**** Dataset records

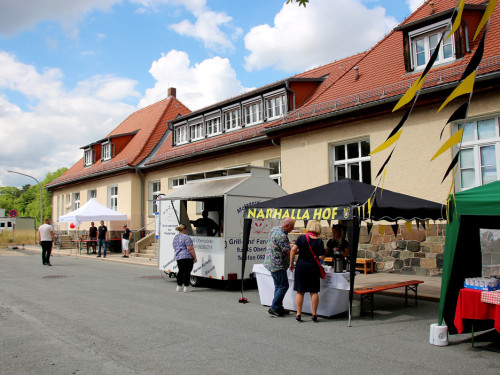 75 Jahre Stadtjugendring Hof  – Foto 48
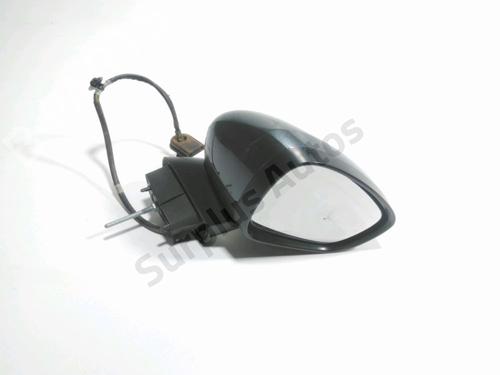 Ryggespeil høyre CITROËN C3 II (SC_) 1.6 BlueHDi 100 (99 hp) 28245469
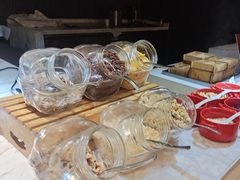 -筠咖啡西餐厅(上海国展宝龙丽筠酒店)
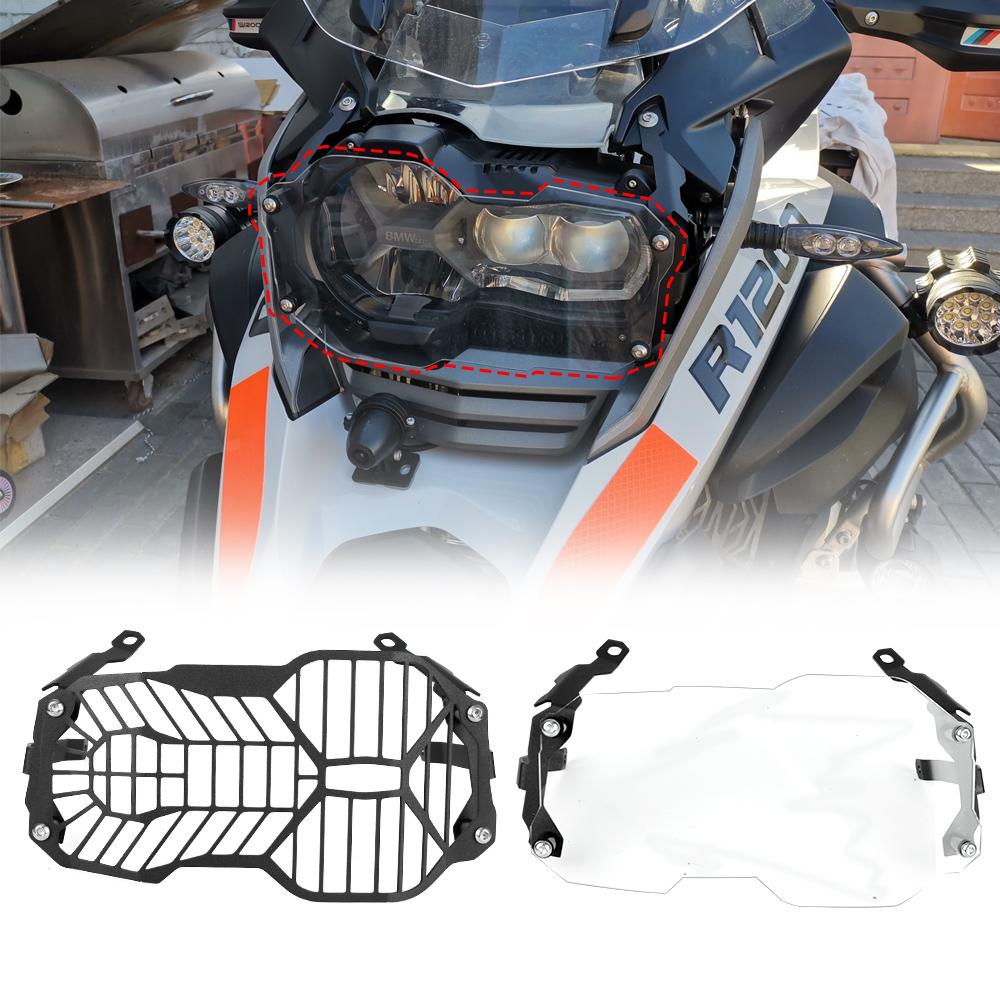 Для BMW R1200GS LC Adventure 2013-2019 ADV прозрачная защита, черные чехлы для фар, защитная решетка для фар мотоцикла
Для BMW R1200GS LC Adventure 2013-2019 ADV прозрачная защита, черные чехлы для фар, защитная решетка для фар мотоцикла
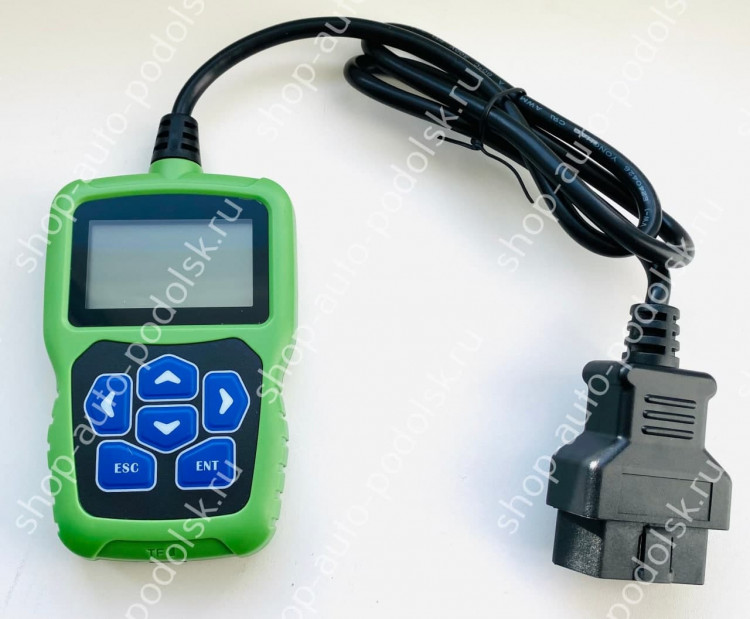 SUBARU (2013-2021) key programmer 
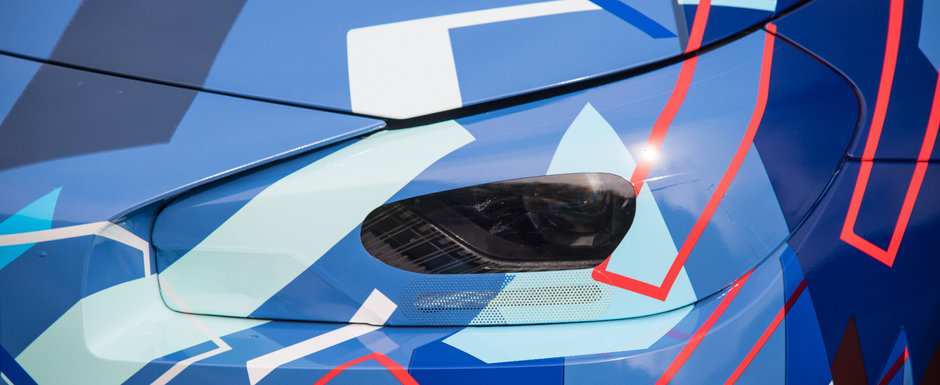 Este sfarsitul unei ere. BMW anunta oficial ultimul M cu motor pe benzina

********

[Required action] Print out each record exactly as shown, but keep the pictures out.

[Result of the task]
 75 Jahre Stadtjugendring Hof  – Foto 48
 Ryggespeil høyre CITROËN C3 II (SC_) 1.6 BlueHDi 100 (99 hp) 28245469
 -筠咖啡西餐厅(上海国展宝龙丽筠酒店)
 Для BMW R1200GS LC Adventure 2013-2019 ADV прозрачная защита, черные чехлы для фар, защитная решетка для фар мотоцикла
Для BMW R1200GS LC Adventure 2013-2019 ADV прозрачная защита, черные чехлы для фар, защитная решетка для фар мотоцикла
 SUBARU (2013-2021) key programmer 
 Este sfarsitul unei ere. BMW anunta oficial ultimul M cu motor pe benzina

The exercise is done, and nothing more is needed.